Here’s a confession. Barely a minute into my first listen of R Plus Seven, I was struck by the bracing futility of reviewing it. Not because it isn’t excellent — it is — but how do you describe this stuff? Throw the word “glitchy” around and hope the aural indicators get through? Namedrop a pretty handful of drugs you imagine Daniel Lopatin may have used during its recording, none of which you’ve actually sampled? Front as if you have a genuine sense of precisely how Lopatin constructed this particular batch of dizzyingly intricate sonic puzzles? That I won’t do.

But let’s back up. R Plus Seven is the third or so studio LP by experimental knob-twiddler Oneohtrix Point Never, the nom de plume of Daniel Lopatin, also of Ford & Lopatin, though his most interesting work falls under the OPN moniker. It arrives two years after a significant critical breakthrough, the feverishly warped Replica, which chopped bits and slivers of audio from 1980s commercials into inscrutable compositions marked by formless synth tones, spare piano, and disembodied children’s voices. The result was heady, dreamlike, and brilliant, neither fully melodic nor rhythmic but propelled by interwoven hints of both melody and rhythm.

Lopatin could have done well by repeating Replica’s inimitable bag of tricks. Wisely, he hasn’t as R Plus Seven is more of a departure than you’d expect, and it’s an excellent one. As on Replica — and Returnal before it — Lopatin puts hazily familiar aural signifiers of the past to work in the construction of sound pieces that are fiercely, almost effortlessly futuristic. But here, “glitchy” actually isn’t the descriptor that comes to mind. R Plus Seven is the first OPN album where adjectives like “majestic” and “lush” are substantially more applicable. In brief, R Plus Seven deemphasizes Replica’s sense of walled-off claustrophobia, letting thick puddles of light filter into Lopatin’s lair of sound.

Samples still abound, but Lopatin’s preferred textures have shifted beyond lo-fi commercials and children’s toys and into the far grander realm of the ’70s experimental minimalist tradition. That’s readily apparent 90 seconds into the opening “Boring Angel”, when a steady organ hum explodes into a majestic arpeggio pulse that, at quadruple the length, could have been cribbed from Einstein on the Beach. The piece’s lengthy opening and 15-second coda isn’t a fluke — Lopatin has discovered the church organ, one of several elements undergirding R Plus Seven’s more earthbound textures.
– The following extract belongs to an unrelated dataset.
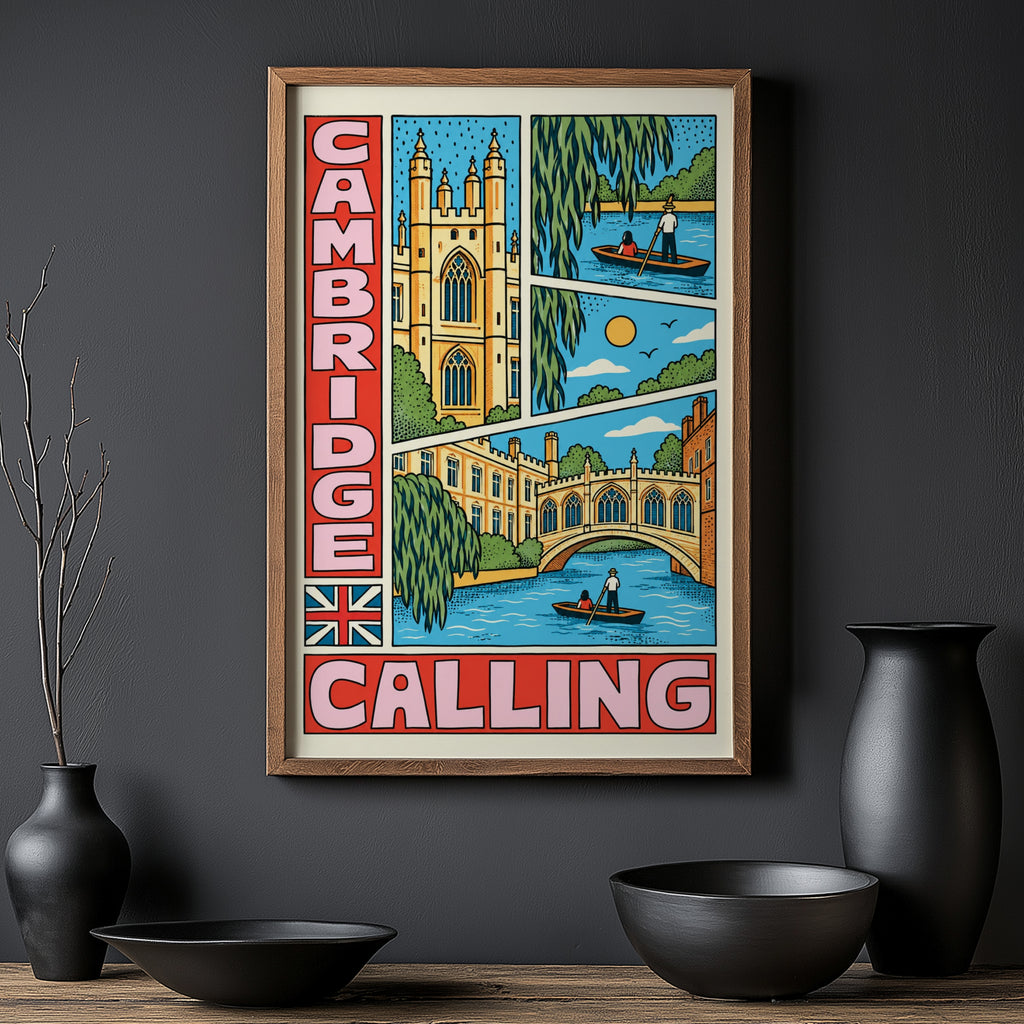 Vintage Cambridge Poster, England Wall Art, Punting Print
Elsewhere, R Plus Seven contains at least two more uncanny nods to Philip Glass. The best of them is “Zebra”, a stuttering burst of staccato orchestral jolts that plays host to Lopatin’s trademark layering before collapsing into a soupier but no less dreamy mélange. “Americans”, by contrast, feels mesmerizingly indebted to Steve Reich. It’s one of the album’s brightest cuts, opening in a burst of what closely resembles summery birdcalls and climaxing in a shimmering cycle of xylophone pulses. Lopatin splatters the mix with hushed choral-voiced tones (think Music for Airports, “1/2”) that are key to R Plus Seven’s kaleidoscope sensibility.

R Plus Seven’s eerie underbody culminates on the dark, searching “Still Life”. Slight missteps dot the trail — “Inside World” feels unfinished, a scattering spurt of sonic elements that never coalesce, while “He She” rumbles with the sort of groaning harshness the producer has largely left behind — but they do little to disrupt what Lopatin has accomplished. The closer, “Chrome Country”, thrusts towards a stirring crescendo of disembodied “Ah”s, panning piano arpeggios, pipe organs — maybe even a singing saw? — that fades out in a burst as warmly, humanly melodic as anything Lopatin has constructed. Some, I think, will miss Replica’s inscrutably alien flourishes. That’s fair. But the producer’s singular aesthetic hasn’t been compromised. It has simply expanded.